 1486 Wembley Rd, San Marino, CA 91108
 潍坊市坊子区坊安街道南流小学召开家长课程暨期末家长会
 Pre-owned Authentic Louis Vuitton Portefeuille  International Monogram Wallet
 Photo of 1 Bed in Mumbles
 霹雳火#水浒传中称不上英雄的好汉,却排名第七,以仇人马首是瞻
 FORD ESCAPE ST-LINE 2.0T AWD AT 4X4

-- -- --

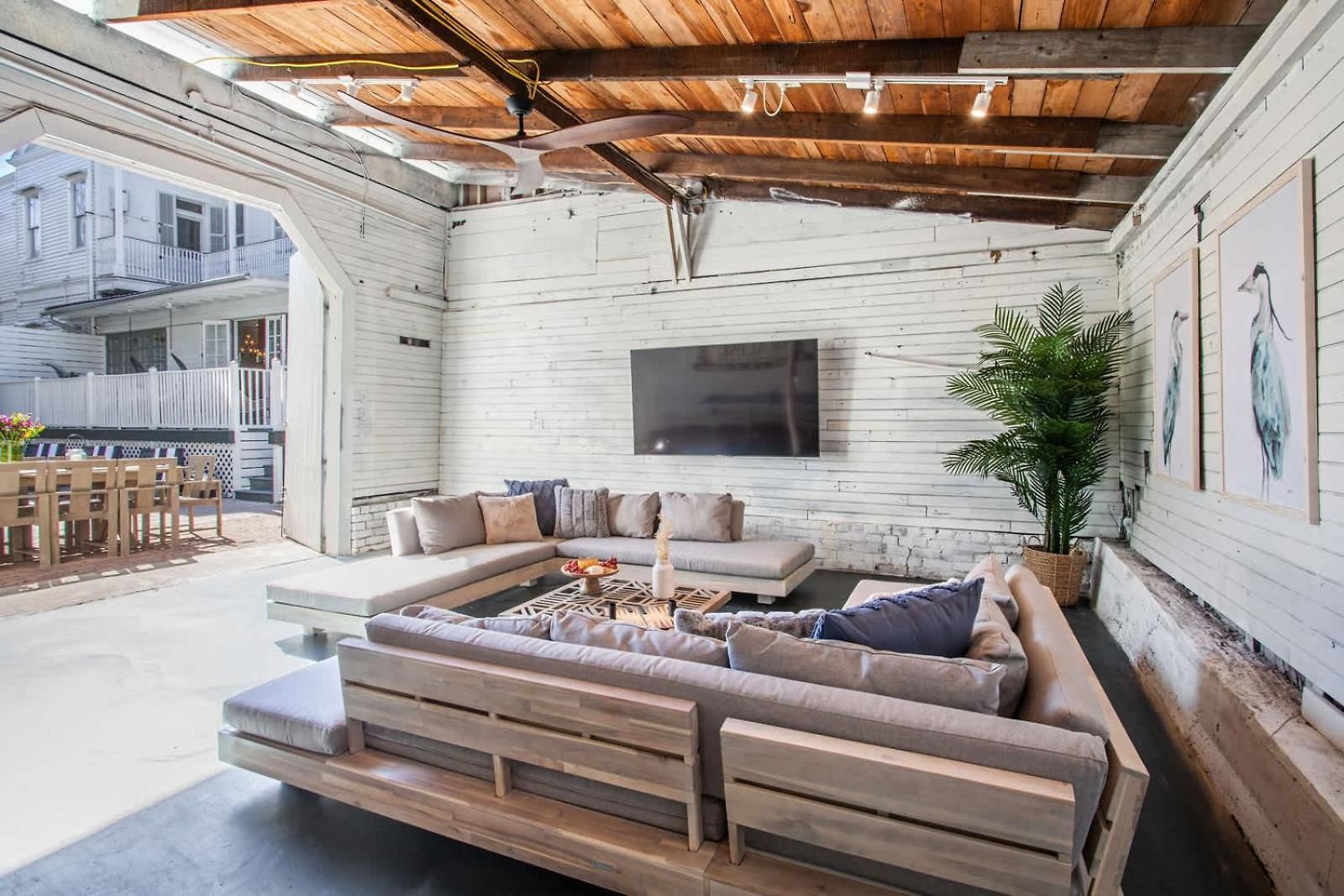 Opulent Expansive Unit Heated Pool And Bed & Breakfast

-- -- --

In the entries above, find the line with "1486 Wembley Rd, San Marino, CA 91108" and the line with "FORD ESCAPE ST-LINE 2.0T AWD AT 4X4", then set down exactly those two and every line between them, nothing else.

WRITTEN ANSWER
 1486 Wembley Rd, San Marino, CA 91108
 潍坊市坊子区坊安街道南流小学召开家长课程暨期末家长会
 Pre-owned Authentic Louis Vuitton Portefeuille  International Monogram Wallet
 Photo of 1 Bed in Mumbles
 霹雳火#水浒传中称不上英雄的好汉,却排名第七,以仇人马首是瞻
 FORD ESCAPE ST-LINE 2.0T AWD AT 4X4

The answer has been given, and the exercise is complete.